We’ve all felt the frustration of having an important moment — family dinner, perhaps? — interrupted by a phone call from a telemarketer. There may be more of these moments soon for borrowers with debts owned or guaranteed by the federal government, including student loans and mortgages.
The proposed budget released earlier this week includes a provision that would loosen regulations on companies’ calls to cell phones to allow firms collecting debts owed or guaranteed by the government to call borrowers’ cell phones without their permission.
The budget proposal would be a change to the Telephone Consumer Protection Act, a law passed in 1991 that prohibits companies from using auto-dialing equipment to contact people on their cell phones without their permission.
“It will unleash all of these calls to people who don’t want them,” Margot Saunders, an attorney with the National Consumer Law Center, said of the proposed change.
There are products people can buy to block robo-calls and for many with unlimited cell phone calling plans, extra unwanted calls could simply be an annoyance. But for people who used pre-paid cell phone plans the consequences of phone calls they didn’t ask for could be “potentially devastating,” Saunders said.
“It costs them money and it may reduce their minutes such that their minutes aren’t available when they need them for emergencies,” she said.
Read: 10 things telemarketers won’t tell you
The Obama Administration has argued that loosening the current regulations barring unwanted robo-calls could be beneficial to student loan borrowers at risk of defaulting on their loans. Struggling borrowers often aren’t aware of their options for avoiding default, including a variety of repayment programs that allow borrowers to make payments capped at a percentage of their discretionary income.
Just 56% of borrowers in the standard repayment program are actively paying down their debts; that indicates there may be borrowers who could be making more progress on their loans or avoid defaulting altogether by enrolling in a different repayment program.
The Department of Education argued in a report released earlier this month that allowing companies to contact borrowers on their cell phones, even without their explicit permission, would help borrowers better manage their loans.
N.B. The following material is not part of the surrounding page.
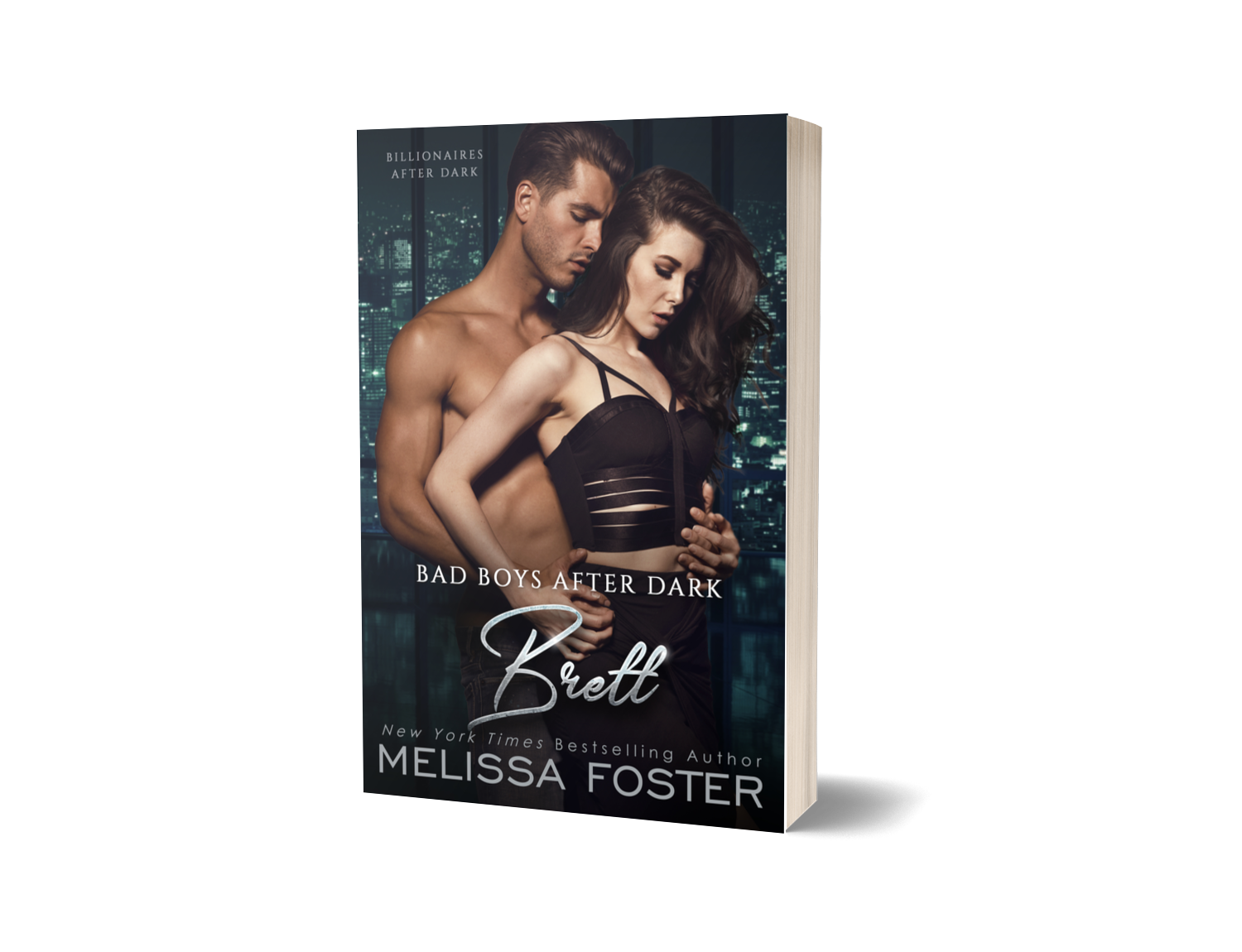 Bad Boys After Dark: Brett Paperback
Navient
one of the biggest servicers of federal student loans, has pointed to a lack of contact as one of the reasons borrowers default on their loans. Jack Remondi, the company’s CEO, noted in a statement at the company’s shareholder meeting earlier this year that 90% of borrowers who defaulted on loans serviced by the company didn’t talk to Navient in the full year before their default.
Servicers may already have access to information to contact borrowers, including mailing addresses or land lines the borrowers provided themselves. But the Department notes that allowing companies to contact borrowers via cell phone would increase the chances they actually reach the borrower because many move often or may no longer have a land line phone.
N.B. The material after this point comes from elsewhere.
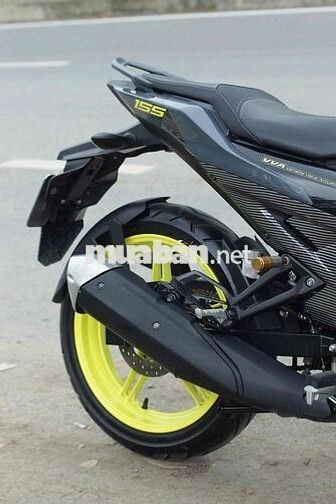 siêu phẩm ex155 date 2022 chạy chuẩn hơn 7000km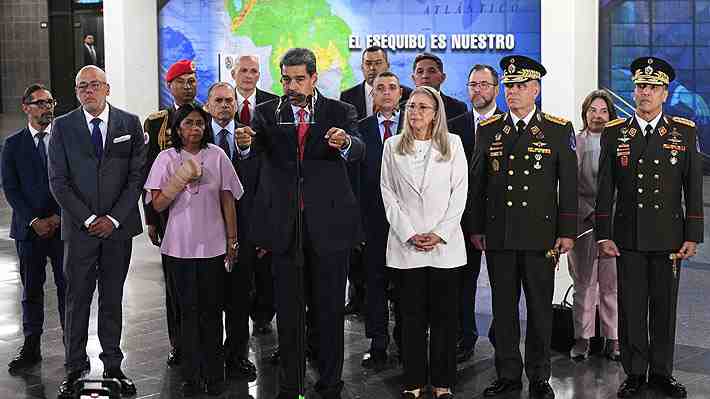 Los descargos del régimen de Maduro contra el Gobierno de Chile por su postura en las elecciones de Venezuela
“Congress should change the law to ensure that servicers can contact borrowers using modern technology and help them get into the right repayment plan and avoid the consequences of default or resolve their default,” the Department of Education noted in its recent report.
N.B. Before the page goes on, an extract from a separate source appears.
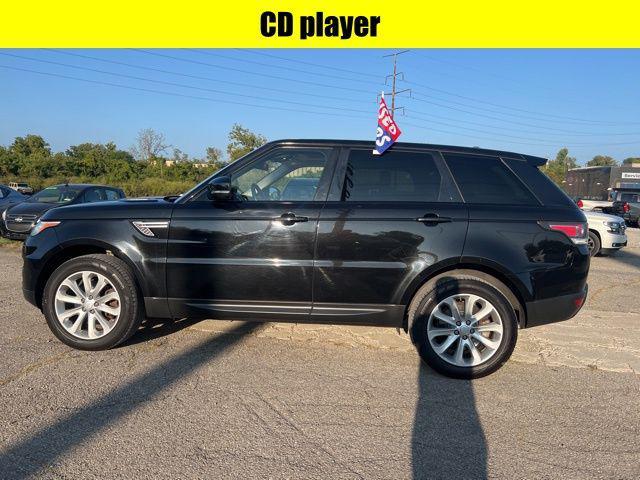 used 2016 Land Rover Range Rover Sport car, priced at $17,000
The inconvenience of some automated calls surely pales in comparison to the headaches that will follow if a borrower defaults — assuming that they actually listen to and trust the recording — but consumer advocates are concerned about continuous, large-scale outreach, bordering on harassment.
The National Consumer Law Center is aware of cases where a company has called a borrower or someone who was simply reassigned their phone number hundreds of times, even after being asked to stop, Saunders said. The organization is pushing for an amendment to the budget bill, which would ensure that under the new rules a company would be required to stop calling a cell phone user if they told the company to stop. “We want to make sure that consumers who say stop — whether they’re debtor or they’re someone else — that that is sufficient to require the caller to stop making the call,” she said.